BEGIN DATASET EXCERPTS

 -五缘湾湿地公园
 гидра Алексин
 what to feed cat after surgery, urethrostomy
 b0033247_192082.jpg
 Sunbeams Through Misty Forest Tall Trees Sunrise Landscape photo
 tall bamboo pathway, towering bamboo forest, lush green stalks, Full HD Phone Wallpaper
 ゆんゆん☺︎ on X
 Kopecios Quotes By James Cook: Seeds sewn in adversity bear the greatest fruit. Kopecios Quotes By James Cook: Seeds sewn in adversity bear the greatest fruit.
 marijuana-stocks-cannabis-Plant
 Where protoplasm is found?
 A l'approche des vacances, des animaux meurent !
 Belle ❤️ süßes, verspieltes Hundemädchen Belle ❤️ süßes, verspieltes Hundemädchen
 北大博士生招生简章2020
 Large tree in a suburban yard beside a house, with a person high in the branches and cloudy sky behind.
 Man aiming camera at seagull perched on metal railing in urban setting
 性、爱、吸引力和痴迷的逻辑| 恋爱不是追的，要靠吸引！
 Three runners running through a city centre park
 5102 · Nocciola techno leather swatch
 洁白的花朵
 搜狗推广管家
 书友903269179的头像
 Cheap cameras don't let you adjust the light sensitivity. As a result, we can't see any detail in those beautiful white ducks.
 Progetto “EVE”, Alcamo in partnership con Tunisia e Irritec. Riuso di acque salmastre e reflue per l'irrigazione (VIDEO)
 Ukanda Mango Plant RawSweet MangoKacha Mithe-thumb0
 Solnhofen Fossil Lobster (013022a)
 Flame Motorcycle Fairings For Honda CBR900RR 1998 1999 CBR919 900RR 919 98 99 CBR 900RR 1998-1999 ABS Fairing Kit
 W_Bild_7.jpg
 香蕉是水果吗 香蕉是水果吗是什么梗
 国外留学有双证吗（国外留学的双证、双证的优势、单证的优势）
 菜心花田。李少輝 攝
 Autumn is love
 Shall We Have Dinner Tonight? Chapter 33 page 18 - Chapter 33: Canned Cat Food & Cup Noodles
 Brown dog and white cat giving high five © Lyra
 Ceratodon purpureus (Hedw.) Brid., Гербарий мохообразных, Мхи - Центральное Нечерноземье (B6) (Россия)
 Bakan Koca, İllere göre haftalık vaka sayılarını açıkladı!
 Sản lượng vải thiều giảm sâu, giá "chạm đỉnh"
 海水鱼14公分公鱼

END DATASET EXCERPTS

— TASK OBJECTIVE —
For each line in the data that holds the word "Plant", copy the line.

— RESULT —
 marijuana-stocks-cannabis-Plant
 Ukanda Mango Plant RawSweet MangoKacha Mithe-thumb0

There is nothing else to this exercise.